理由は簡単で、対等な話し合いの結果、自分の意見・主張が相手に聞き入れられ、かつ自分の要望が相手に正確に実行された経験が極端に少ないからだ。
もっとも、自己肯定感が低いがゆえの、一方的な思い込みも多分にあるのだろうけれども。
話し合いと言う名の、
「自分の欠点、努力不足、落ち度を指摘される場」
「自分だけにとっての改善策を提示される場」
のイメージが先になってしまう。
非常に独りよがりで自己中心的だなとは思うが、
「自分は変わらず、相手が変わる」
のが、自分にとっての一番理想的で簡単な解決策だとの思い込みがあるからだ。
おそらく、自分はいっぱいいっぱいで、変わりたいけれども変われない、変わり方が自分でもよくわからない。
変わりたいけれども、変わることが自分にとって大きなストレスと物理的負担をもたらすため、自分だけ損した気分になるからできるだけ避けたい。との思いが強いのだと思う。
もし、自分がストレスなく「変われる」のであれば、そもそも話し合いをしよう、話し合いが必要だとは思わないだろう。
一方で、「相手を強制的に変える」のもまた難しい。
「環境を整え、相手をその気にさせる」のは可能だが、その難易度は非常に高い。
だから、「話し合いをしない」「話し合いを避ける」「話し合いを先延ばしにする」という安易な選択肢を私は取ってしまいがちだ。
それ故、いつも悩みやモヤモヤ、愚痴、問題は解決されず、堂々巡りを繰り返す。
もちろん、「お互いの妥協案、折衷案を見つける」が真の正解なのは理解できる。
でも、それができない。やり方がわからない。相手を説得する方法がわからない。
いや、頭ではわかっているのだ。
でも、言葉にできない。手紙やメールとして文字にして、相手に見せるのが怖い、その勇気が出ない。
以前から気になっていたコミック「夫の扶養からぬけだしたい」のレビューの中に耳の痛い一文があった。

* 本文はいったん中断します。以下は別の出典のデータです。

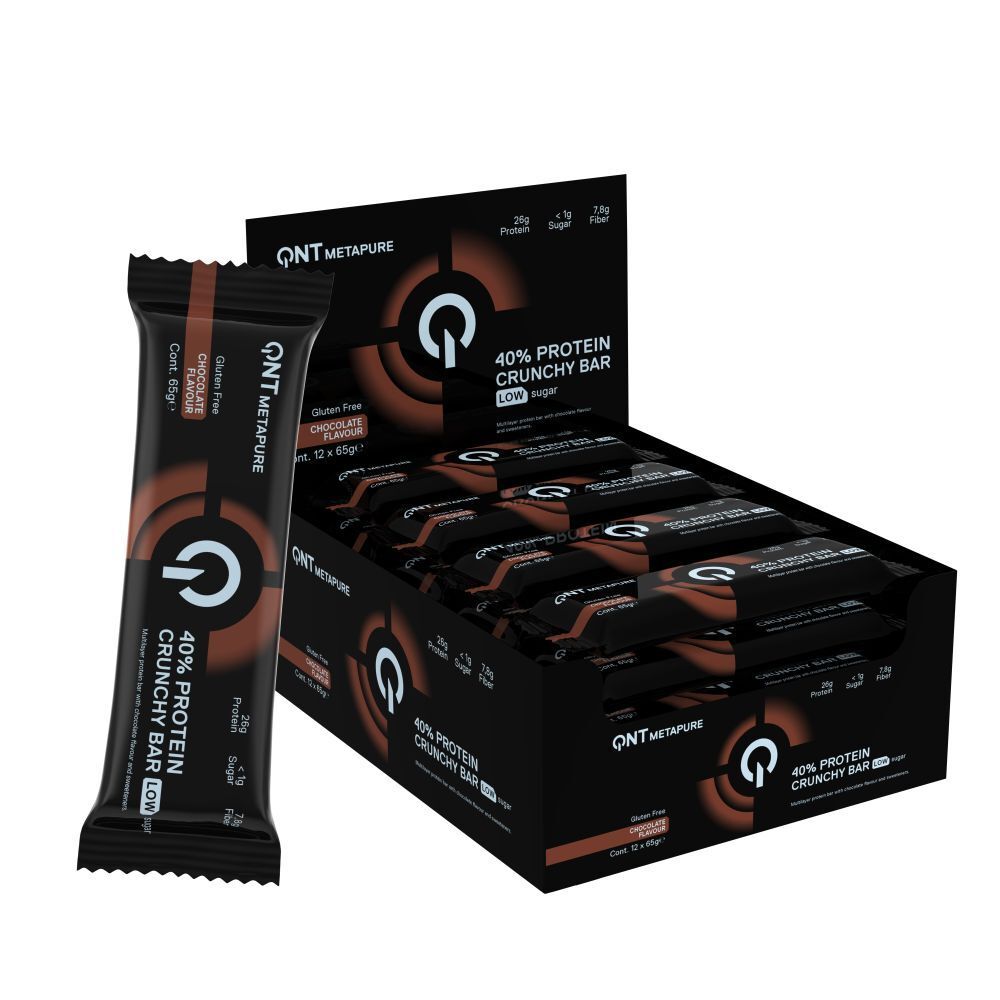 Boîte de barres protéinées QNT METAPURE Crunchy. Barre individuelle et boîte ouverte de 12 barres. Inscription : 40% Protein Crunchy Bar.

感想なんですが、とにかくお互いにギスギスしていているし、どっちもどっちな感じでイライラする。「君たち夫婦は子供ができてから生まれるまでの間、何の話し合いもしなかったんですか?」っていう違和感がすごい。なにやってんのこの人たち。
このコミックは以前から興味があった。お金を払って全てを読んではいないが、無料分を読んだり、広を目にしたり、レビューを読み漁ったりはした。
だから、好意的な感想と、批判的な感想と両方あるのもよく知っている。
私自身は、主人公の妻であるももこと似た立場(子育て中の専業主婦)なので、気持ち的にはももこ寄りだ。
ももこが夫を悪者にしたくなる気持ちもよくわかる。
卵が先か鶏が先かわからないが、自分をないがしろにする(しているように見える)人間を、尊重し大切に思うのはお互い難しいだろう。
それでも、尊厳を踏みにじる言動を家庭と言う名の密室内で繰り返す夫のほうが分が悪いのでは、と個人的には思えてならない。
正直、自分を下に見ている人間相手に「話し合おう」と私は思わない。
話し合いをせずに「モラハラを誘発する言動」を取るほうにも確かに非はあるのだろう。
では、なぜそんな言動をとるのか。
それは相手が「聞く耳を持たない」「変わる努力をしない」からだ。
立場が対等ではないため、「自分の主張に自信が持てない」からだ。
こうして文章にしてみると、ブーメランなのかと思う。
自業自得なのかな、とも。
それでも、「モラハラされるほうも悪い」「どっちもどっち」な結論には、モヤモヤせずにはいられない自分がいる。